Considerato che la Corte d’appello di Torino dubita della legittimità costituzionale dell’art. 352 cod. proc. civ. nella parte in cui non prevede, o perlomeno non consente, la fissazione di una nuova udienza per la precisazione delle conclusioni anche nell’ipotesi in cui solo in tale udienza si sia costituita, difendendosi, la parte appellata;
che l’art. 352 cod. proc. civ. non si pone, né esplicitamente né implicitamente, in antitesi con il potere di direzione del procedimento conferito al giudice dall’art. 175 cod. proc. civ. e, pertanto, non esprime alcun divieto di fissare una nuova udienza, se necessaria per assicurare «il leale svolgimento del procedimento»;
che la mancata considerazione, da parte del rimettente, di ogni ragionevole interpretazione, in relazione al caso di specie, della norma denunciata in senso conforme al sistema processuale complessivamente considerato e, quindi, ai valori costituzionali rende la questione prospettata manifestamente inammissibile.

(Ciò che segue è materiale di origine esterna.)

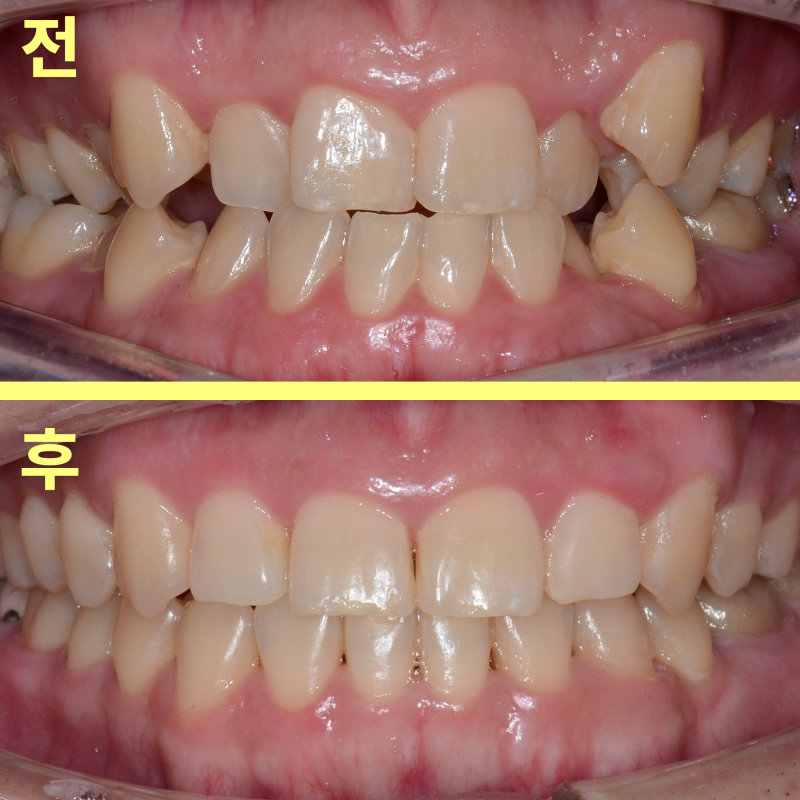 평택교정치과 성인 반대교합, 수술 없이 가능할까요? 관련 사진 23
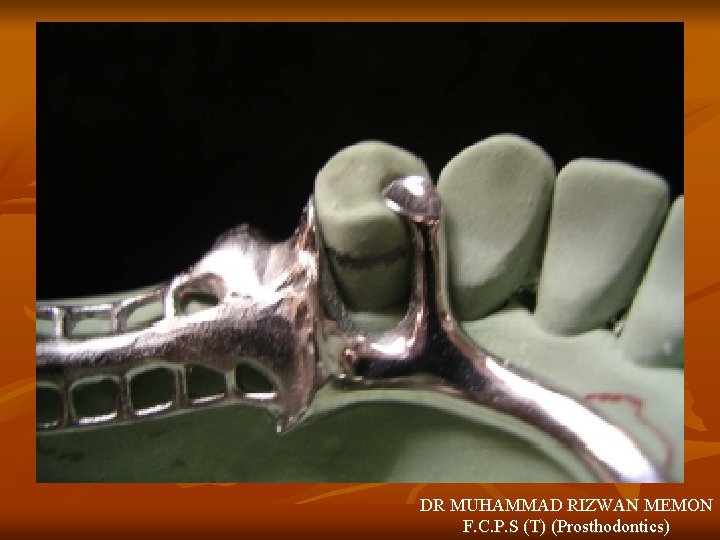 DR MUHAMMAD RIZWAN MEMON F. C. P. S (T) (Prosthodontics)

Visti gli artt. 26, secondo comma, della legge 11 marzo 1953, n. 87, e 9, secondo comma, delle norme integrative per i giudizi davanti alla Corte costituzionale.
PER QUESTI MOTIVI
LA CORTE COSTITUZIONALE
dichiara la manifesta inammissibilità della questione di legittimità costituzionale dell’art. 352 del codice di procedura civile, sollevata dalla Corte d’appello di Torino, in riferimento agli artt.3, primo comma, 24, secondo comma, e 111, secondo comma, della Costituzione, con l’ordinanza in epigrafe.
Così deciso in Roma, nella sede della Corte costituzionale, Palazzo della Consulta, il 1° luglio 2002.
Cesare RUPERTO, Presidente
Romano VACCARELLA, Redattore
Giuseppe DI PAOLA, Cancelliere
Depositata in Cancelleria il 9 luglio 2002.